Her words became a trending topic across the country, “We are Queenslanders. We’re the people that they breed tough, north of the border. We’re the ones that they knock down, and we get up again.”
New Zealand Prime Minister Jacinda Arden displayed a sense of strength and compassion in her response to the Christchurch terrorist attacks earlier this year. Following the worst mass killing in New Zealand’s modern history, Jacinda Arden brought the nation together, not only through her words, but through her actions.
The now infamous image of Jacinda Ardern in a black headscarf, mourning with relatives and friends of the victims, not only captured national attention, but also made international headlines, sparking conversation about what a true leader looks like.
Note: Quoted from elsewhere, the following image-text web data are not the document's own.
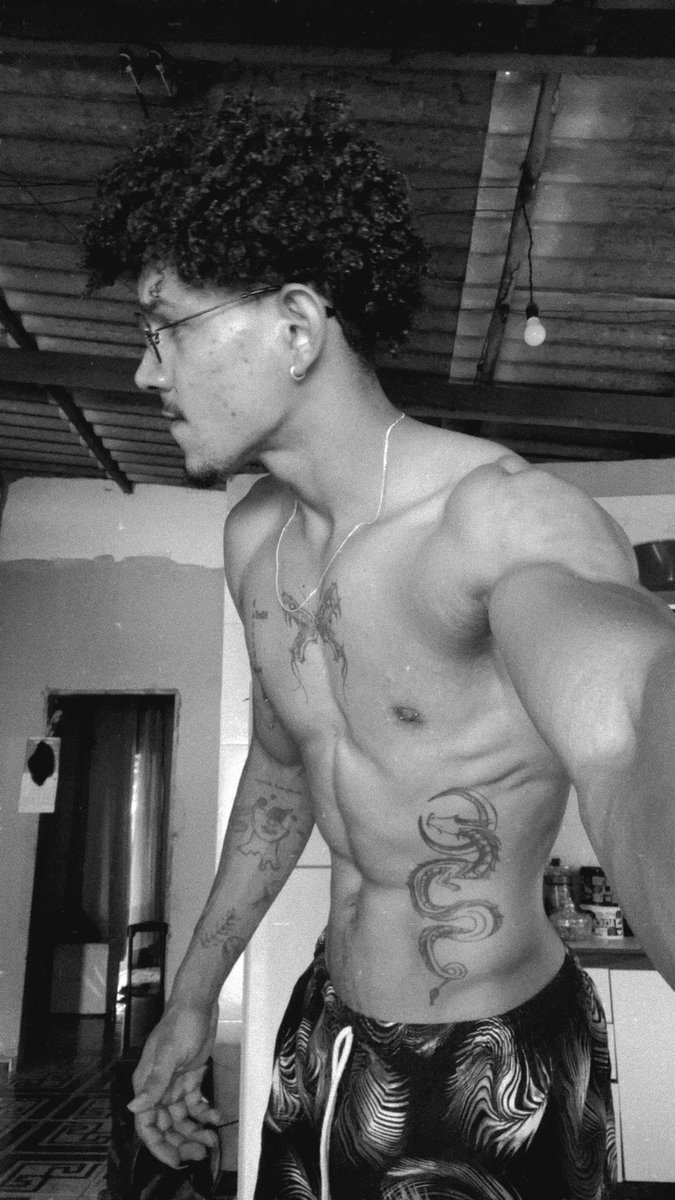 httpskaike's tweet image. Saudade do meu cabelo grande assim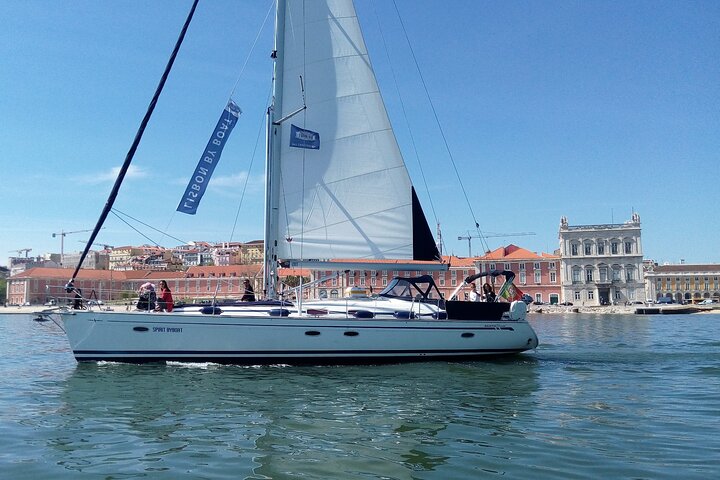 Lisbon Sailing Tour on a Luxury Sailing Yacht with 2 Drinks, photograph 3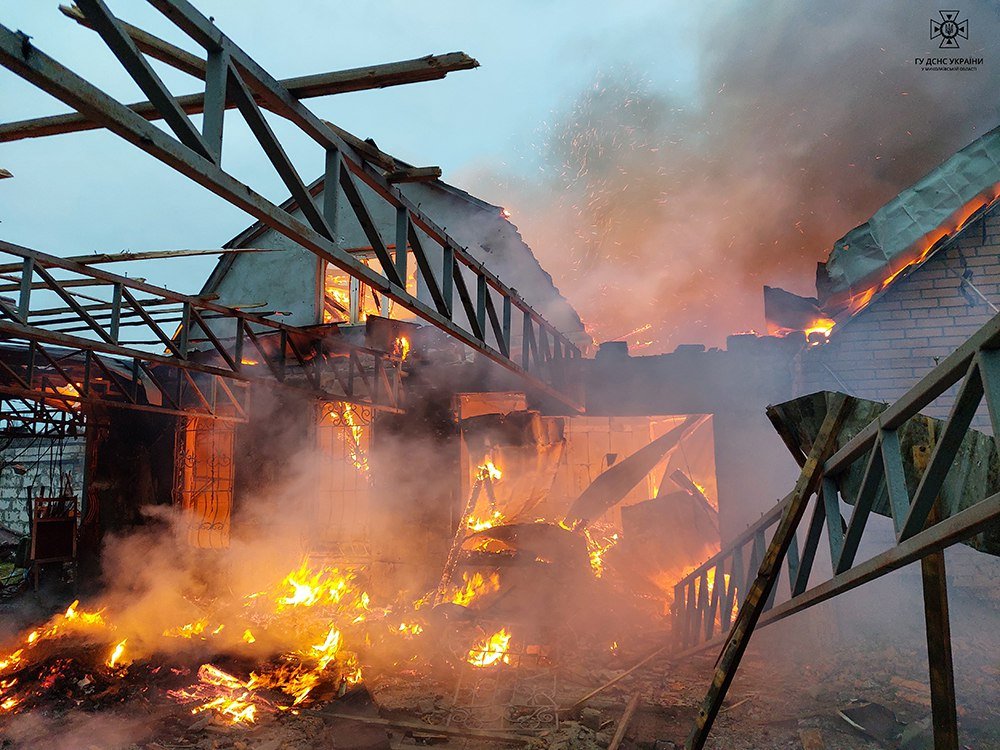 Внаслідок ранкового обстрілу Очакова сталась пожежа трьох будинків, - ФОТО 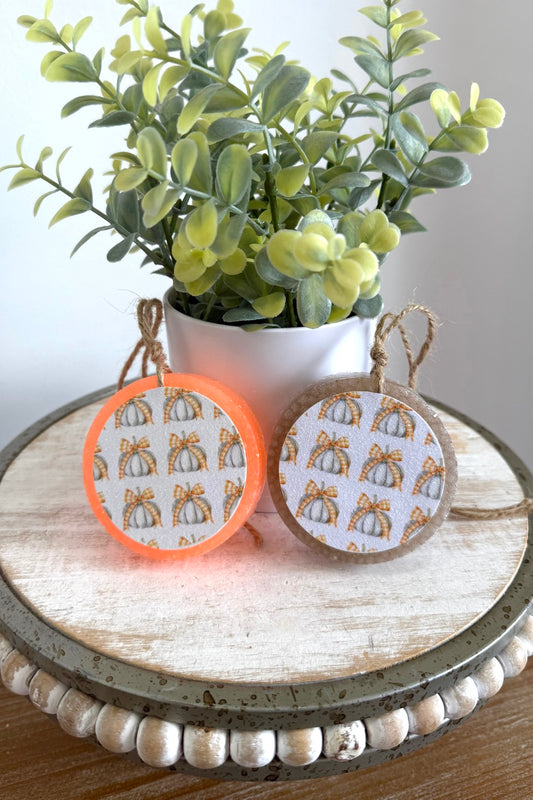 White Pumpkin with Bow Freshie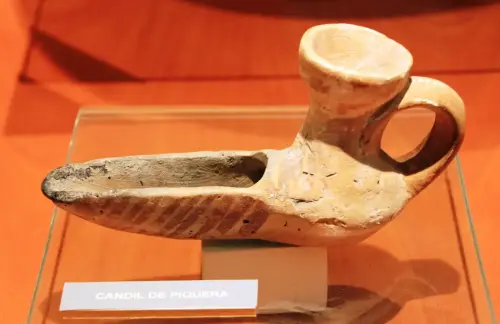 ARQUE.-673-S.IX-Tolmo-de-Minateda-Hellin-Arabe-Candil-de-piquera-Tolmo-de-Minateda-Hellin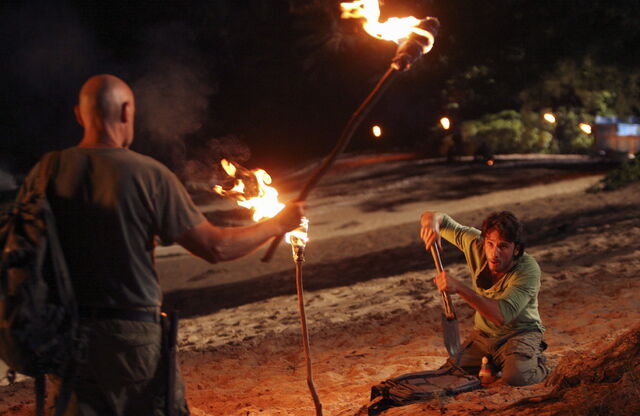 File:3x14 LockeCatchePaulo.jpg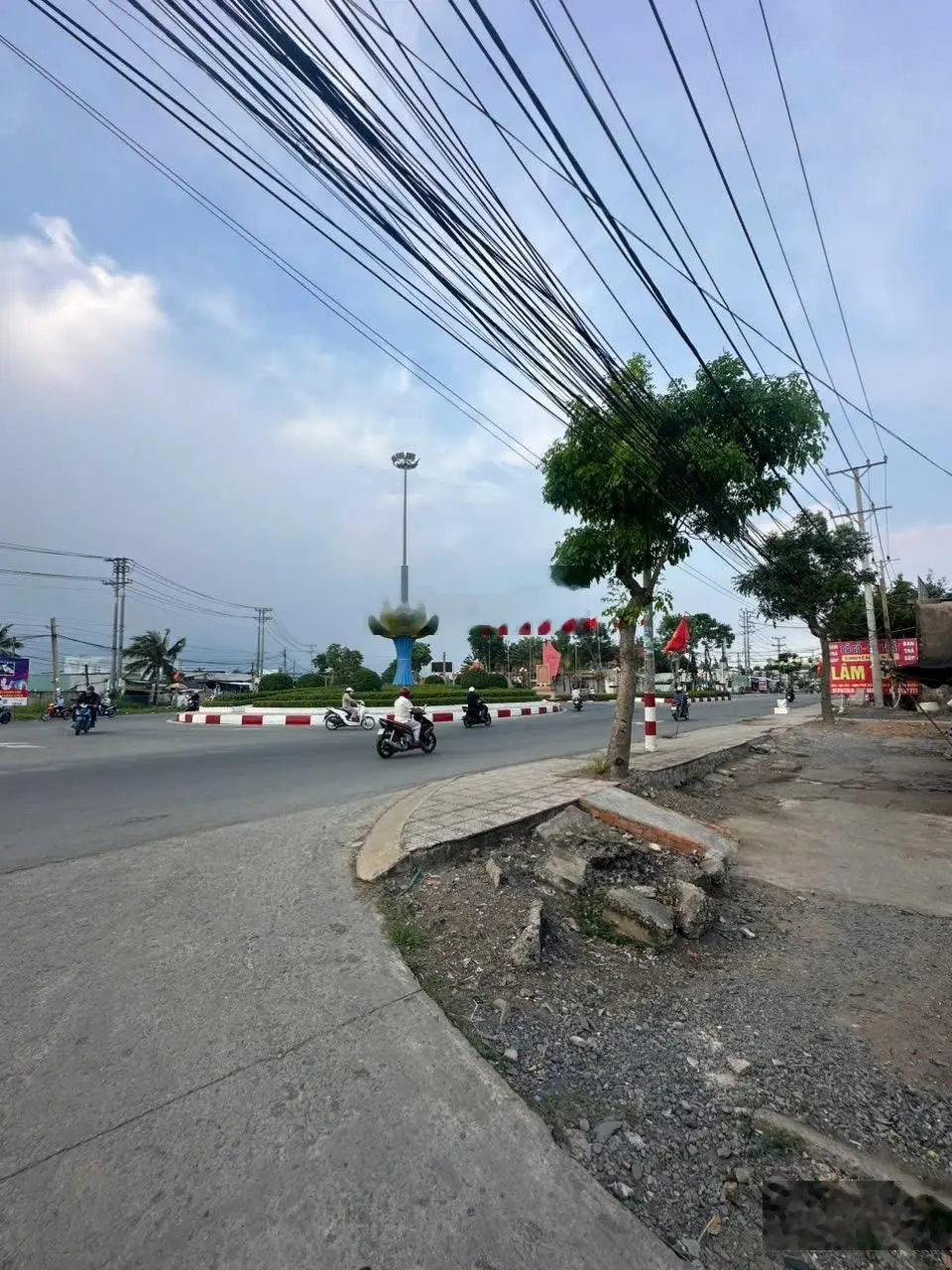 Bán nhà vi bằng đường xe hơi trung tâm thị trấn Cần Giuộc 45m2 giá rẻ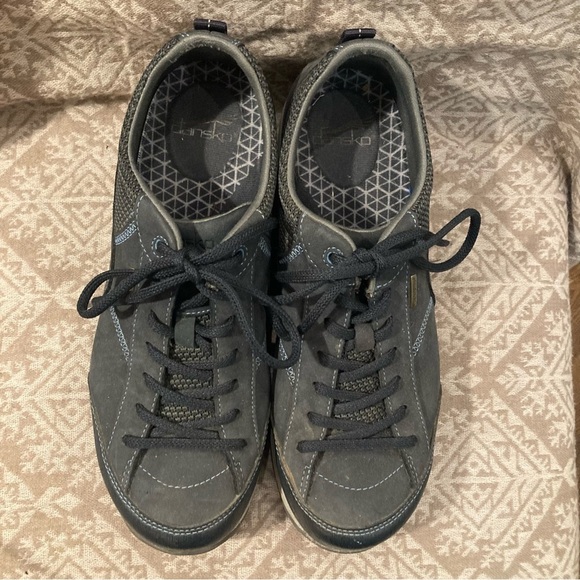 DANSKO PROFESSIONAL SZ 41 Paisley Slip Resistant  Vibram Sole Lace Up Sneakers - Picture 3 of 11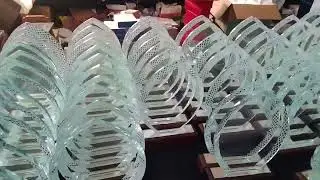 Crystal Trophy Wholesale High Quality k9 Crystal Fist Trophies Customized Personalized Name LS-GIFT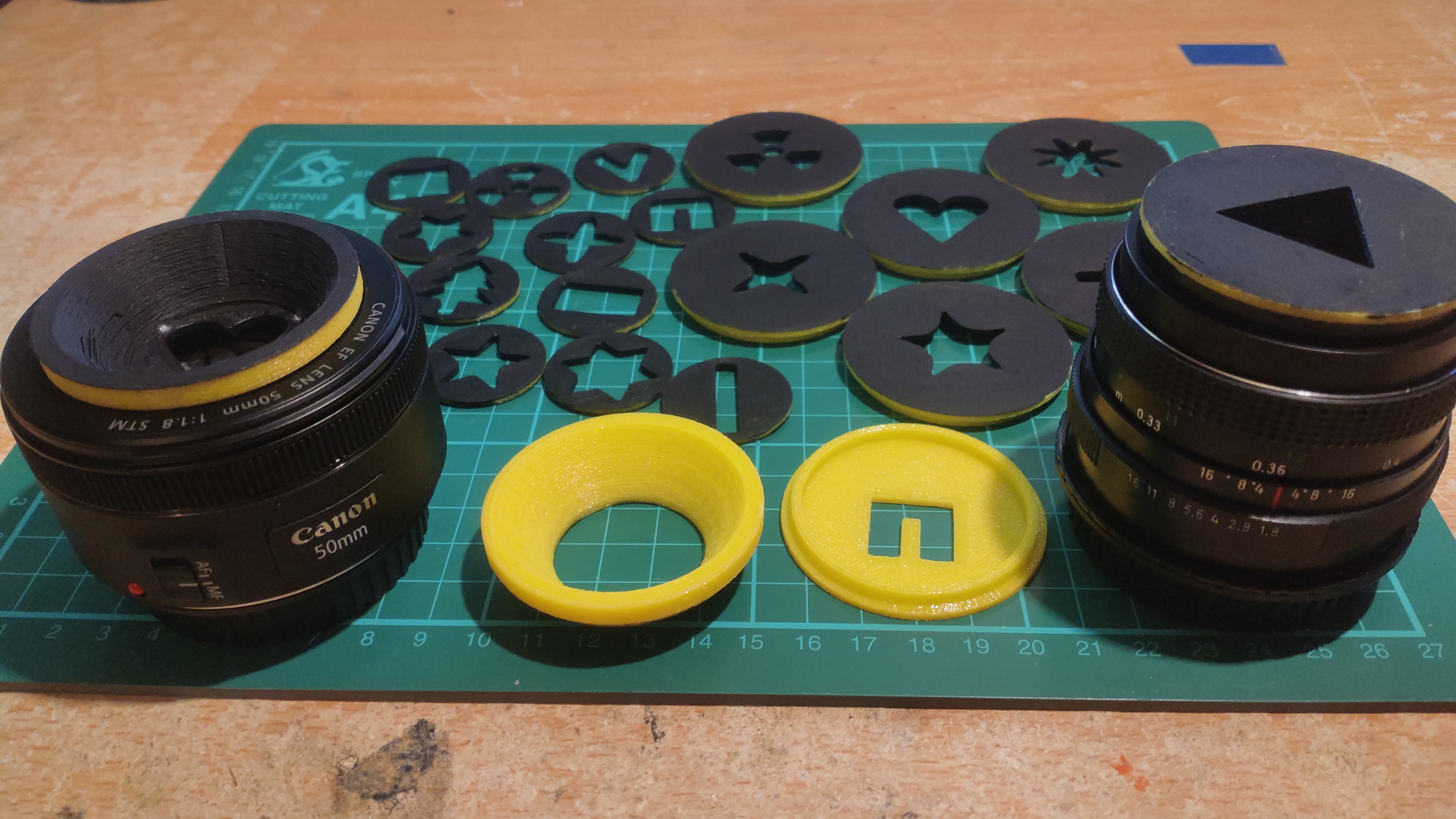 Custom bokeh apertures (parametric but currently for 50mm lenses)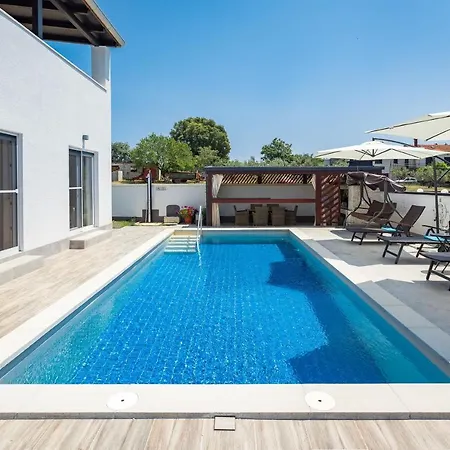 Villa Ivana With Sea View *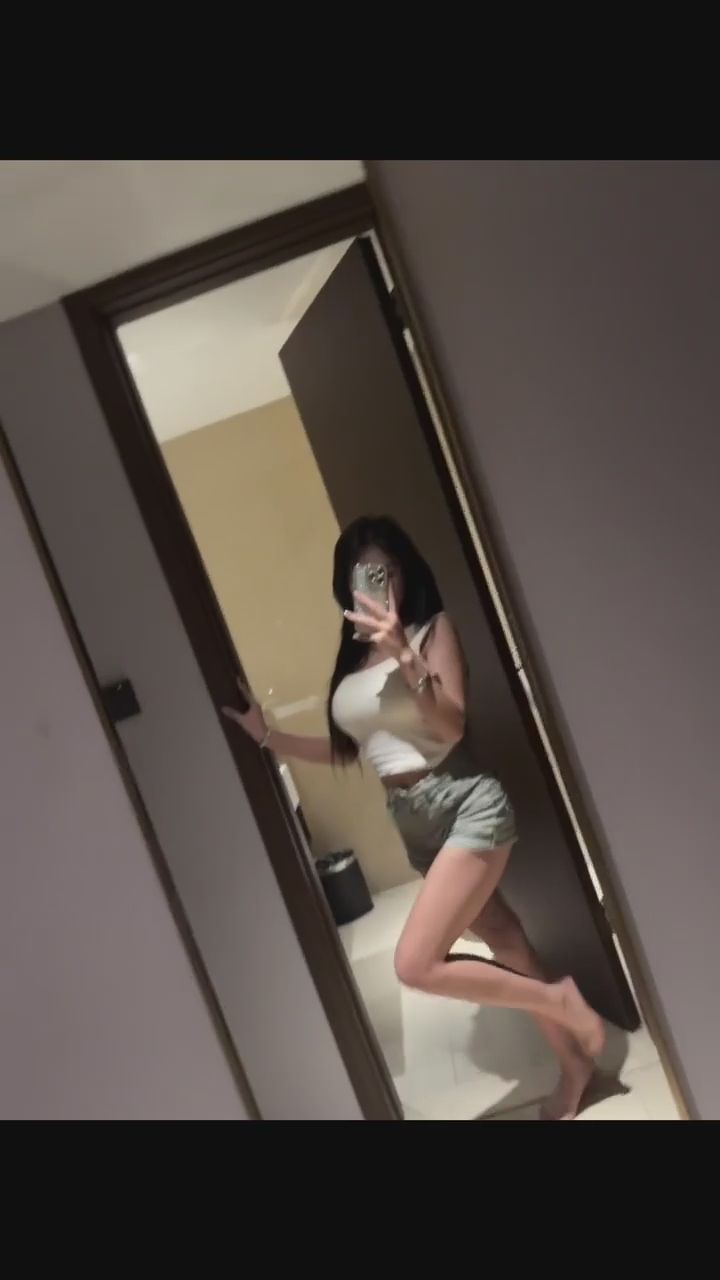 c*************1 : 給你們看看身材吧 嘿嘿！！！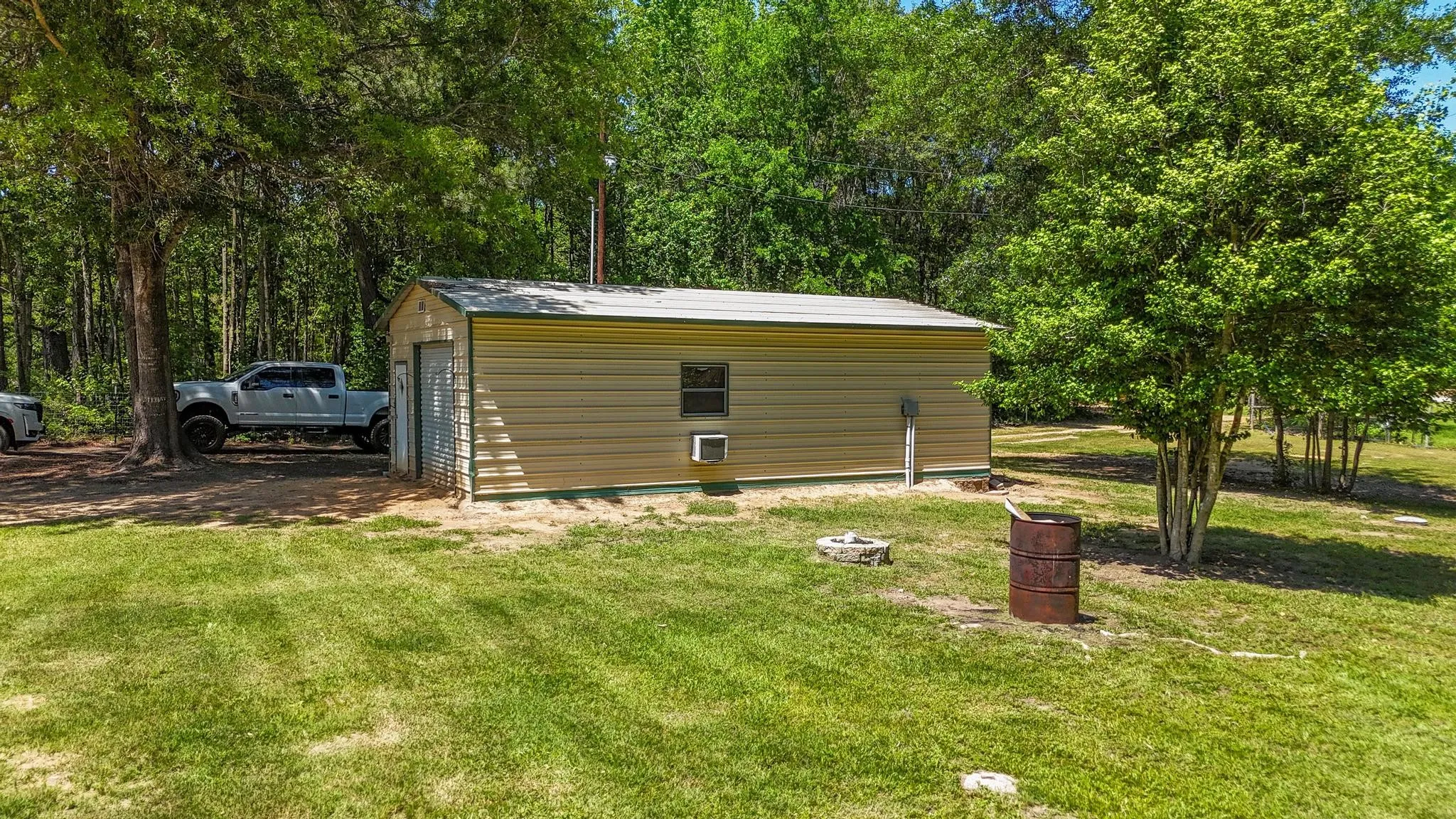 Single Family Residence For Sale in Wood County , 2792 Fm 49, Mineola, Texas 75773, 2 Bedroom, 1 Bathroom, 2 Garage spaces, 1,080 Sqft, built in 2015, mls#21280501, Real Estate Agent in Mineola, Homes For Sale in Wood county, Homes For Sale in Mineola, Realtor in Mineola Texas, Real Estate Brokerage Independent Realty Texas, Luminita Cordes Realtor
In October 2012, Hurricane Sandy pounded the East coast of the United States, severely impacting areas of New Jersey, New York and Connecticut. The US Federal Government implemented learnings from past natural disasters and were able to foresee impact areas and immediately send staff and resources to respond.
Millions of people lost power but could still access the Internet on mobile devices, and this became the focus of communications. Social media in particular provided a platform for emergency warnings, an avenue to promote community meetings, and a way to facilitate sharing of photos as the affected communities rebuilt.